▶ [What the exercise asks] Only the lines below from the one that holds "a large white" through the one that holds "at home. Asian" should appear in the answer, copied exactly, end lines included and pictures omitted.

----------------

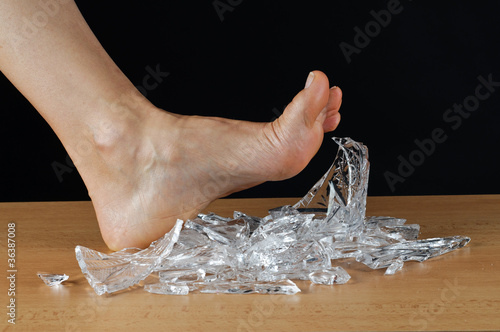 Foot and broken glass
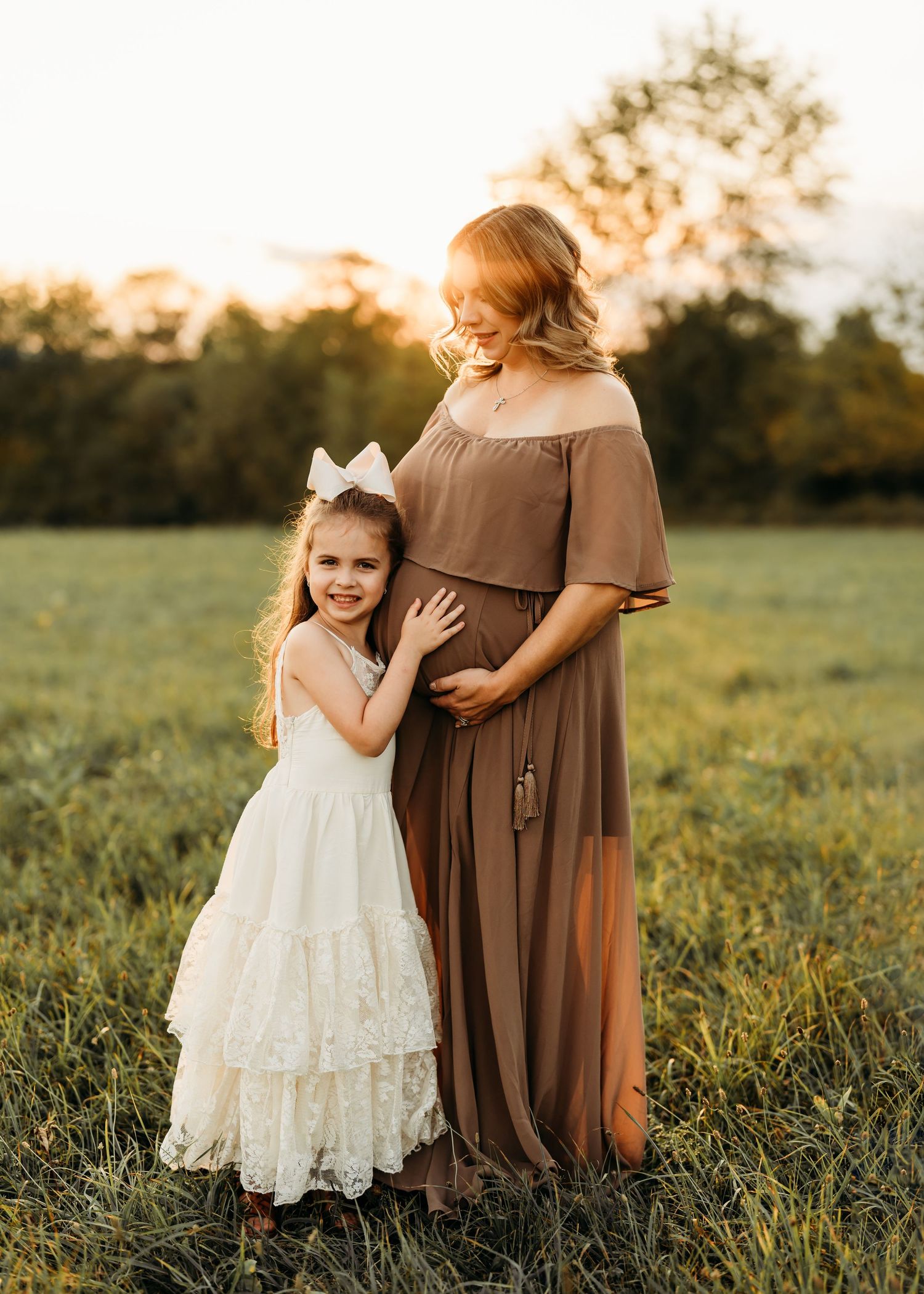 Heartwarming maternity moment with young girl in white dress embracing bump in sunlit field.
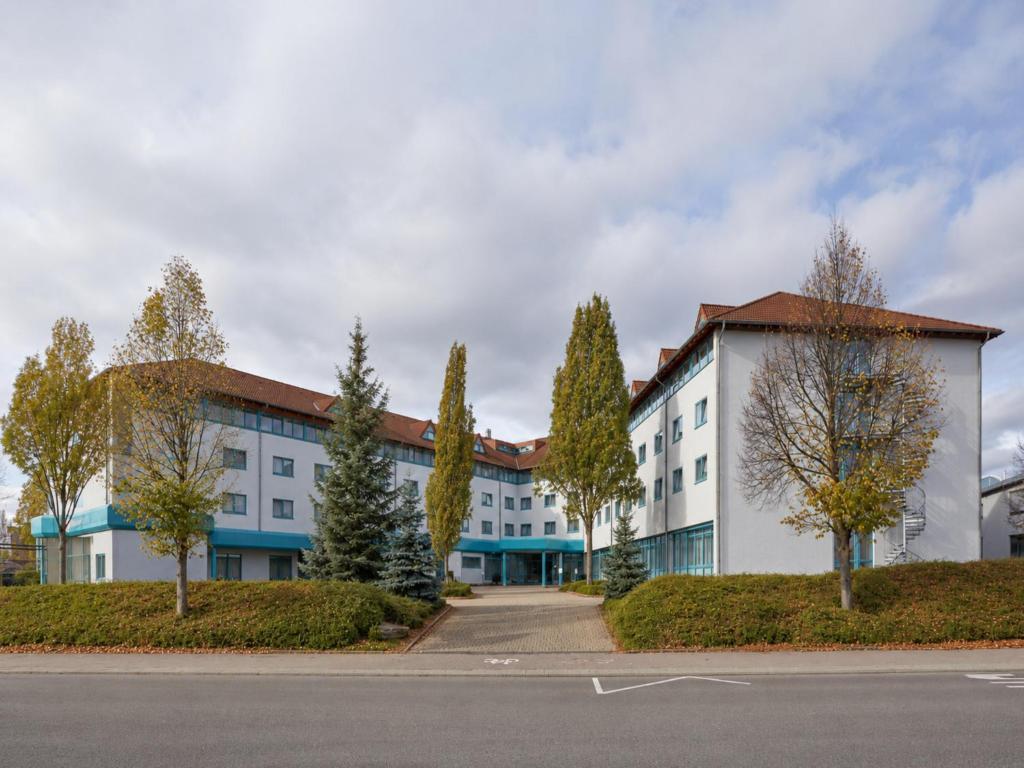 a large white building with trees in front of it at Sunday Hotel Stuttgart Herrenberg in Herrenberg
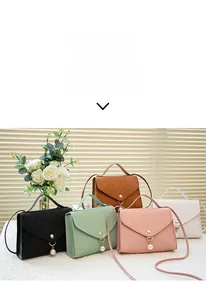 Chic embossed crossbody bags in five colors with pearl charms on a stylish table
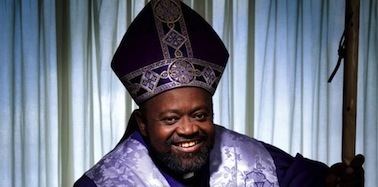 Carl Bean smiling and wearing purple pontifical vestments.
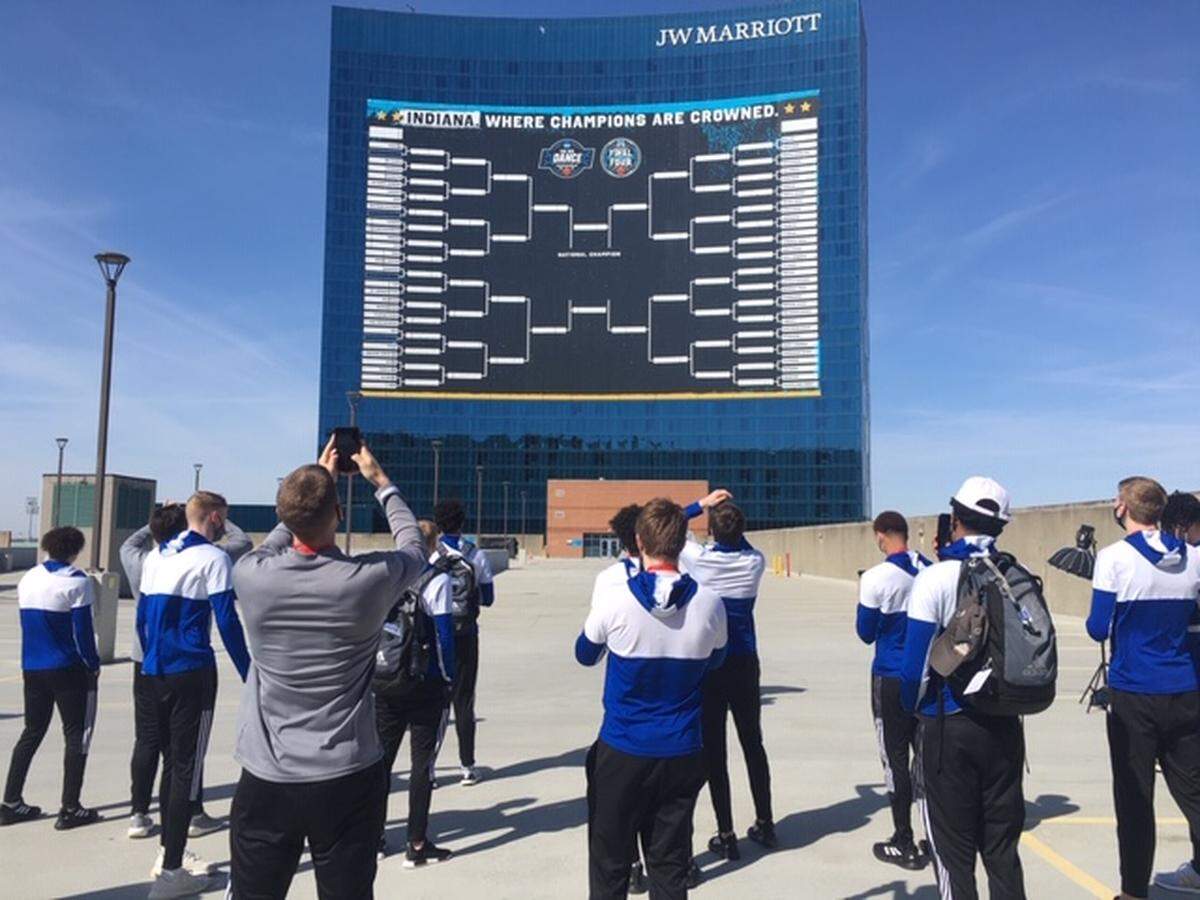 A giant men’s NCAA Tournament bracket is plastered on the outside of the JW Marriott hotel in Indianapolis.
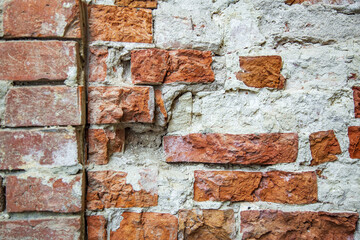 Embossed textured surface of an old wall made of facade bricks and cement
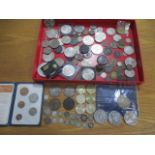 A collection of various coins, silver threepenny bits, Victorian Crown, £2 and £5 coins etc.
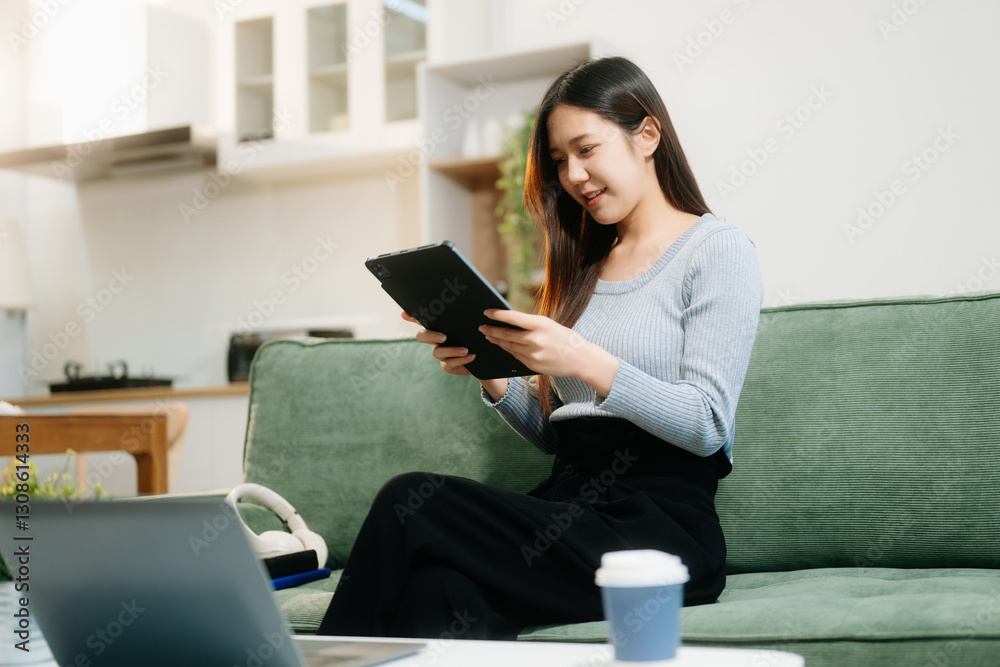 Asian woman using the smartphone and tablet on the sofa at home. Asian woman using the smartphone and tablet on the sofa at home.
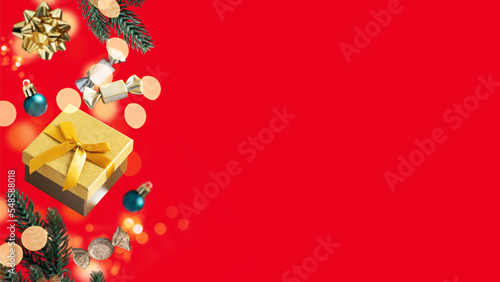 Merry Christmas and Happy New Year holiday card with gold and silver gifts and decor levitating on red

----------------

▶ [Written answer]
 a large white building with trees in front of it at Sunday Hotel Stuttgart Herrenberg in Herrenberg
 Chic embossed crossbody bags in five colors with pearl charms on a stylish table
 Carl Bean smiling and wearing purple pontifical vestments.
 A giant men’s NCAA Tournament bracket is plastered on the outside of the JW Marriott hotel in Indianapolis.
 Embossed textured surface of an old wall made of facade bricks and cement
 A collection of various coins, silver threepenny bits, Victorian Crown, £2 and £5 coins etc.
 Asian woman using the smartphone and tablet on the sofa at home. Asian woman using the smartphone and tablet on the sofa at home.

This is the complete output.